* [PROBLEM TO WORK ON] Everything from the line with "prostática benigna (OPB), hiperactividad" down to the line with "www.bsgajj.gov.cn（保山市公安局官方网站）" below must be printed exactly, those two lines included. Exclude pictures.

* [GIVEN DATA]
══════════

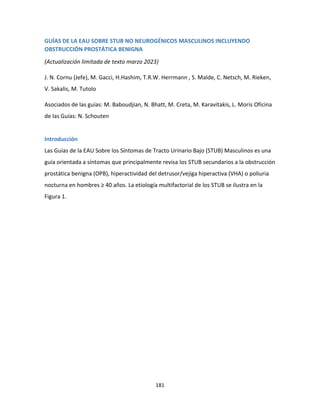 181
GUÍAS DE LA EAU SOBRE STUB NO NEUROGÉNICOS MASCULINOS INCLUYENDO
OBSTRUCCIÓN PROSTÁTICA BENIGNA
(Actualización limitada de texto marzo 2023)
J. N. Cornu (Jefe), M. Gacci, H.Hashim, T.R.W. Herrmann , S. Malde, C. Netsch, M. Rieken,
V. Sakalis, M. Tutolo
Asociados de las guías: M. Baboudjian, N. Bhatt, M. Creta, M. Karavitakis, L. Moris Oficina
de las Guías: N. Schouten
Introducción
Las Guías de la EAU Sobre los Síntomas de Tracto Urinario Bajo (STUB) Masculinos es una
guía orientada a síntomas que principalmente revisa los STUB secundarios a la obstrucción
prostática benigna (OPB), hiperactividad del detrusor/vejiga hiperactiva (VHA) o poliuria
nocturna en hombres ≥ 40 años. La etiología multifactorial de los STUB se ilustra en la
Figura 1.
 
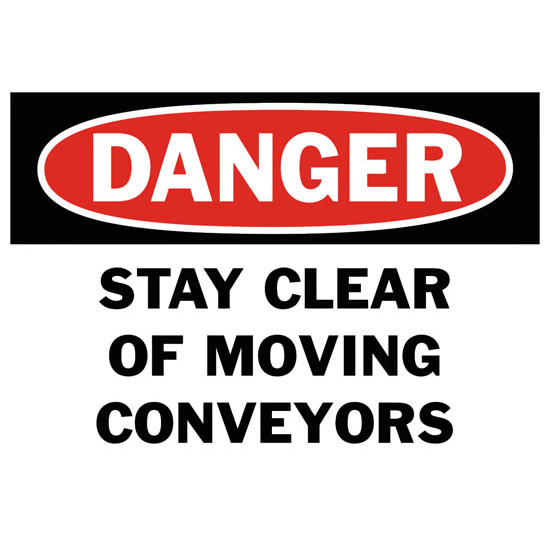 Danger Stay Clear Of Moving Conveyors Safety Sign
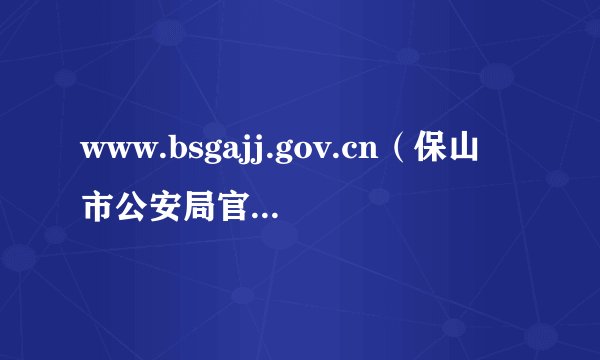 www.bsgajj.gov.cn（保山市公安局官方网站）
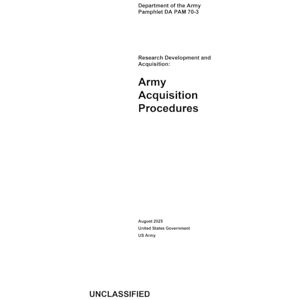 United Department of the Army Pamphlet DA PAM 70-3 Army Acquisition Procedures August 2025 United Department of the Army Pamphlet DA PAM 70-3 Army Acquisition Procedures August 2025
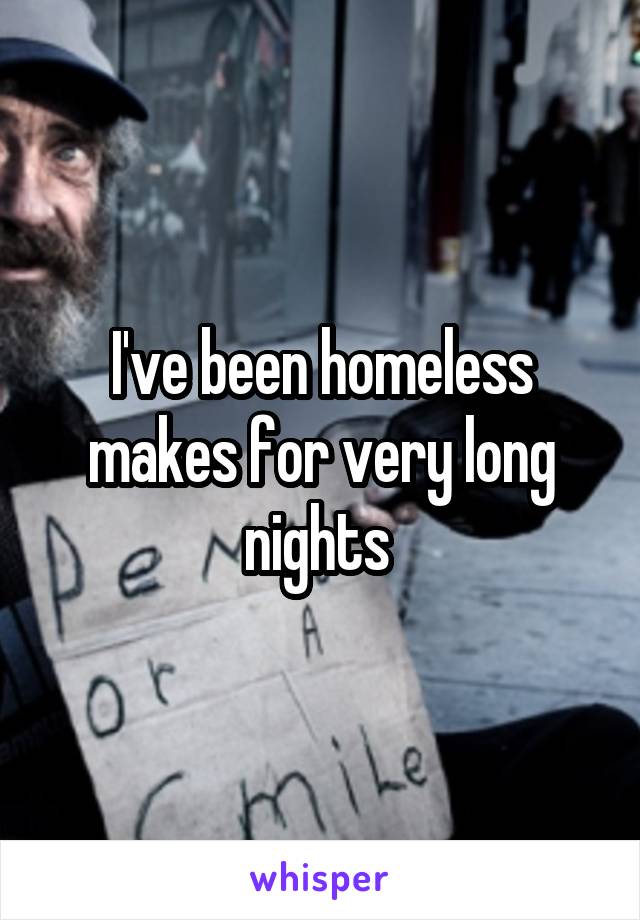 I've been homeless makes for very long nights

══════════

* [ANSWER BOX]
prostática benigna (OPB), hiperactividad del detrusor/vejiga hiperactiva (VHA) o poliuria
nocturna en hombres ≥ 40 años. La etiología multifactorial de los STUB se ilustra en la
Figura 1.
 
 Danger Stay Clear Of Moving Conveyors Safety Sign
 www.bsgajj.gov.cn（保山市公安局官方网站）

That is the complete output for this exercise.